EXHIBIT 99.1
ROCKY MOUNTAIN CHOCOLATE FACTORY, INC.
2004 STOCK OPTION PLAN
Section 1. Purpose. It is the purpose of the Plan to promote the interests of Rocky Mountain Chocolate Factory, Inc. (the “Company”) and its shareholders by attracting, retaining and stimulating the performance of selected officers and other key employees by giving such employees the opportunity to acquire a proprietary interest in the Company and an increased personal interest in its continued success and progress. Unless otherwise specified in the option agreement, each Option granted under the Plan shall be an Incentive Stock Option.
Section 2. Definitions. As used herein the following terms have the following meanings:
(a) “Affiliate” means any parent or subsidiary corporation of the Company within the meaning of Section 424(e) and (f) of the Code.

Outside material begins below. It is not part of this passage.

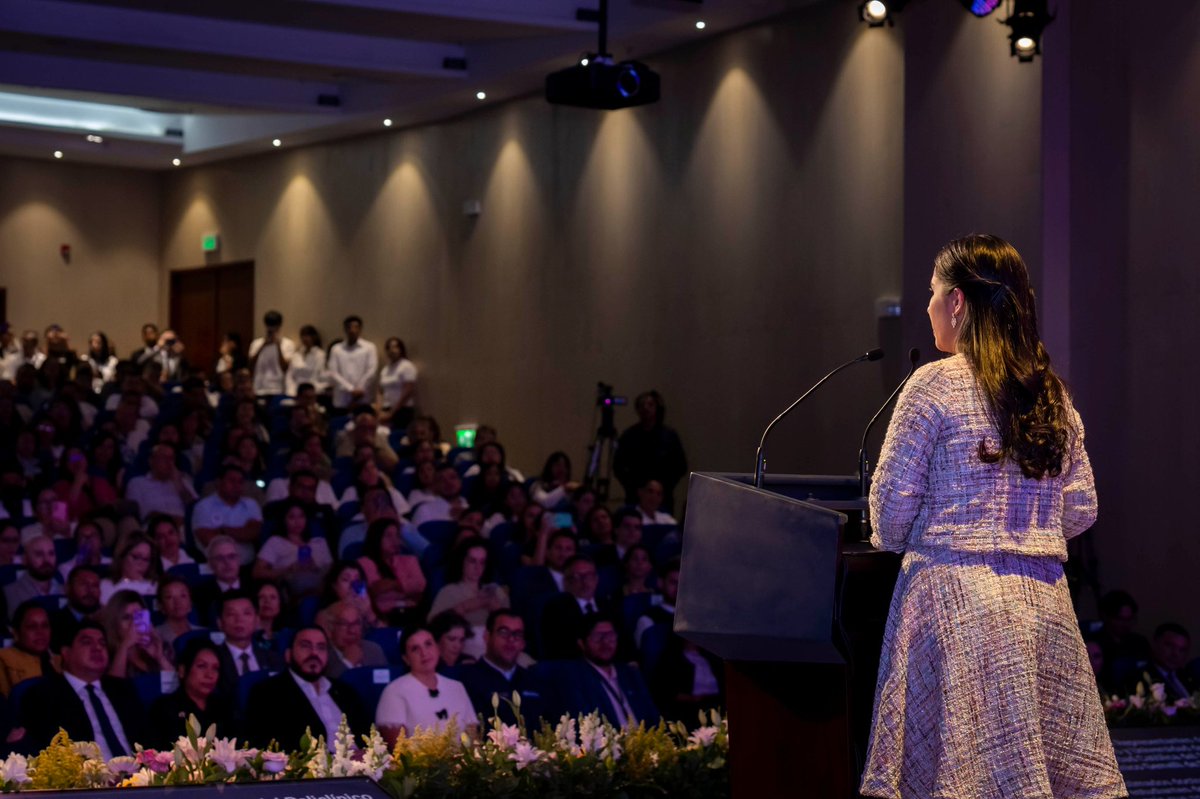 “Este año el lema de la Semana Mundial del Parto Respetado es “Antes, durante y después del parto, hazlo a tu manera”. Una frase poderosa que hace apenas tres años parecía lejana en la realidad de El Salvador.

(b) “Board” means the Board of Directors of the Company.
(c) “Code” means the Internal Revenue Code of 1986, as amended from time to time.

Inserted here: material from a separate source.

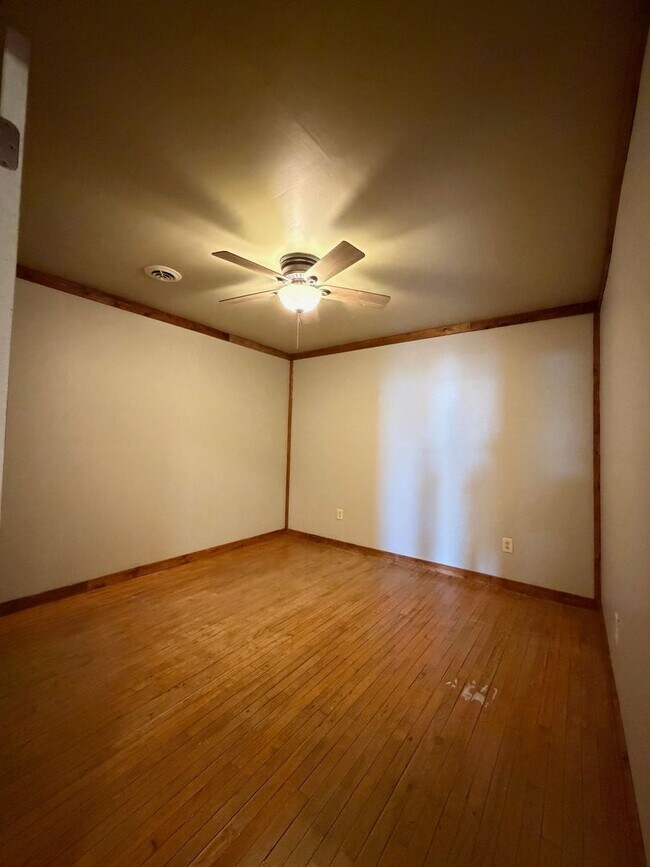 Building Photo - 311 Main St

(d) “Committee” means the Compensation Committee described in Section 4 hereof.
(e) “Common Stock” means the $0.03 par value Common Stock of the Company.

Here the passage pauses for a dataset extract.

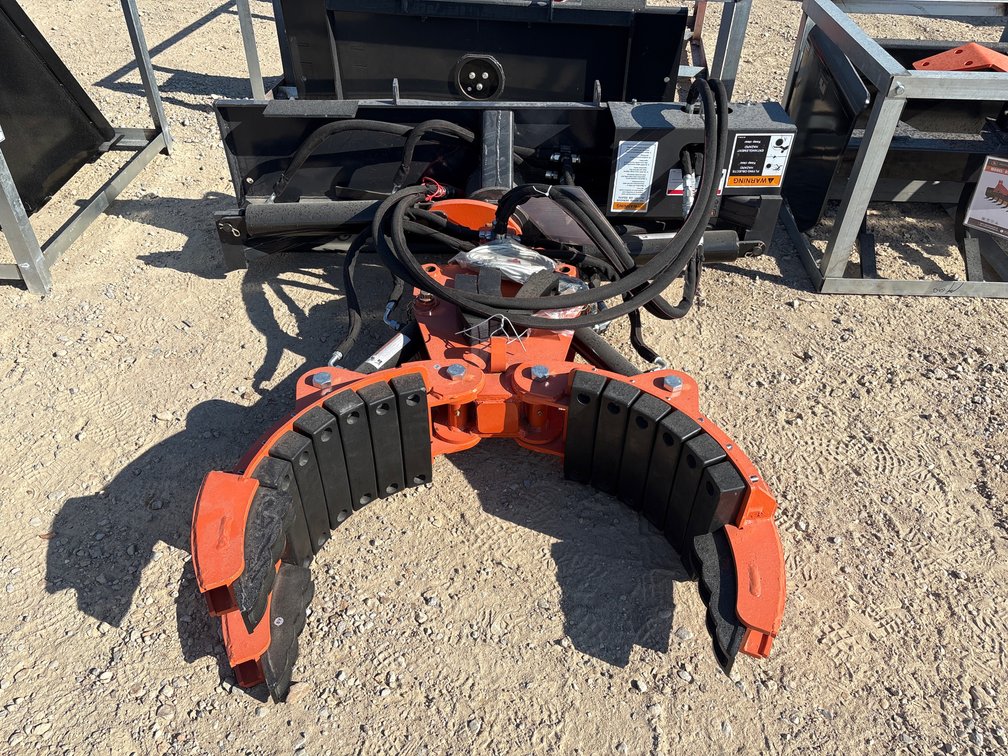 Wolverine RG03 Skid Steer Tree Machine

(f) “Company” means Rocky Mountain Chocolate Factory, Inc., a Colorado corporation.
(g) “Employee” means any regular salaried officer (including an officer who may be a member of the Board) or other key employee of the Company or an Affiliate.
(h) “Fair Market Value” means, unless the Committee determines otherwise in good faith, the closing sale price of the Common Stock on the date in question (or, if there is no reported sale on such date, then on the last preceding day on which a reported sale occurred) as reported on the Nasdaq National Market or any national stock exchange or other stock market on which the Common Stock is then traded, or if the Common Stock is not listed or admitted to trading on the Nasdaq National Market or any national stock exchange but is quoted as an over-the-counter security on Nasdaq or any similar system then in use, “Fair Market Value” shall mean the average of the closing high bid and low asked quotations on such system for the Common Stock on the date in question.
(i) “Incentive Stock Option” means an incentive stock option within the meaning of Section 422(b) of the Code.
(j) “Lock-Up Period” means any period during which an Optionee is prohibited from selling shares of Common Stock without the consent of an underwriter or placement agent (or a representative thereof) pursuant to an agreement between the Optionee and such underwriter, placement agent or representative in connection with an offering of securities of the Company.
(k) “Nonqualified Stock Option” means an option that is not an Incentive Stock Option.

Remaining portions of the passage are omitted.